In their legal analysis titled ‘The Nullification of the 2019 Presidential Election in Malawi: A Judicial Coup d’État?’ University of the Free State extraordinary professor Mwiza Jo Nkhata, United Nations Office of the High Commissioner for Human Rights human rights officer Anganile Mwenifumbo and Mbendera & Nkhono Associates partner Alfred Majamanda argue that both courts drew definitive inspiration from parliamentary practice in Malawi which requires all ‘majority’ decisions to be made using a 50 percent-plus-one vote formula unless a special majority is expressly stipulated.
In their interpretation of Section 80 (2) of the Constitution, both courts said the provision states that the President “shall be elected by a majority of the electorate through direct, universal and equal suffrage”.
But in their analysis, the three argue that the term ‘majority’, as used in the Constitution in relation to Parliament, largely addresses the conduct of parliamentary business, mostly voting on Bills and other issues.
Reads the analysis in part: “As used in Section 80(2), the term speaks to the election of a President. These two processes have distinct levels of solemnity.
“Both courts may have forcibly assumed the same meaning for the term ‘majority’ even though the context in which it is used, including within the Constitution,are varied.
“At the very least, both courts are guilty of failing to demonstrate an awareness of the contextual nuances in the use of the term ‘majority’ across the Constitution which appears at least 15 times in the Constitution.
“Only an analysis of all these contexts could properly support the finding that the same meaning is intended across the Constitution.”
They further argue against the court’s notion that it was ‘absurdity’ to elect a President with a numerically insignificant share of the votes, for example, 10 percent of the total votes, on the premise that it undermines the notion of majority rule in a democracy.
In its ruling on an appeal of the Constitutional Court judgement that nullified the May 2019 presidential election, the Supreme Court noted a possibility that the highest vote could be as little as 10 percent of votes at the polls. The court said it would be absurd to imagine that 10 percent of the votes at the polls would be said to be majority vote for the election of a person to the high office of President.

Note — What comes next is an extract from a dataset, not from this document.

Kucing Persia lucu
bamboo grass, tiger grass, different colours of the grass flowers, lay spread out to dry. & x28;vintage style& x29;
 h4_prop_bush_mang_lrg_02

Reads the Supreme Court ruling: “We are in no doubt that the correct meaning to be ascribed to the word ‘majority’ in Section 80 (2) of the Constitution is 50 percent-plus-one votes of the voters who voted in the election.
“It is an interpretation that would not lead to any absurdity in so far as Presidential election under Section 80 (2) of the Constitution is concerned.”
But the three analysts argue that the interpretation by both courts failed to appreciate that a plurality system is, inherently, not less democratic than a majoritarian system.
The analysis reads: “If the Constitution had intended to create a majoritarian system, this would have been clearly spelt out by including provisions governing a run-off should no candidate attain the stated 50 percent-plus-one majority of votes cast, and not left for conjecture.
“Both courts may also be guilty of usurping Parliament’s legislative function in changing the electoral system because the lapses earlier pointed out suggest an incorrect interpretation of the term ‘majority’.”
They also argue that the change of the electoral system adds another layer of complexity if Parliament failed to pass the run-off provisions and no candidates in future elections attained a 50 percent-plus-one majority of votes during the first round of polls.
This, they say, would create an electoral impasse because the Electoral Commission cannot hold a run-off without any legislative mandate and guidance.
The ‘majority’ question was first determined by the Supreme Court of Appeal in 2000, in the case of Chakuamba and Others v Attorney General and Others.
That time, the court stated that “the meaning to be ascribed to Section 80(2) as presently stated and the context in which that word is used in other parts of the Constitution and having regard to the general purpose of the Constitution can only mean that the word ‘majority’ means ‘a number greater than’ a number achieved by any other candidate.”
But Catholic University of Malawi dean of law John-Gift Mwakhwawa said in an interview the analysis remains an academic opinion and cannot change the determination of the courts.
He said: “I think it is an academic opinion and people are free to express their legal opinions and views. Whether that academic opinion would persuade any court to agree with it, is a different question altogether.
President Lazarus Chakwera of Malawi Congress Party and Vice-President Saulos Chilima of UTM Party dislodged former president Peter Mutharika of Democratic Progressive Party who teamed up with United Democratic Front president Atupele Muluzi in the June 23 2020 Fresh Presidential Election.
The election followed declarations by both the Constitutional Court and Supreme Court, which nullified the May 2019 presidential polls over a plethora of irregularities. Chilima and Chakwera petitioned the court to nullify the election over irregularities, especially in the results management system.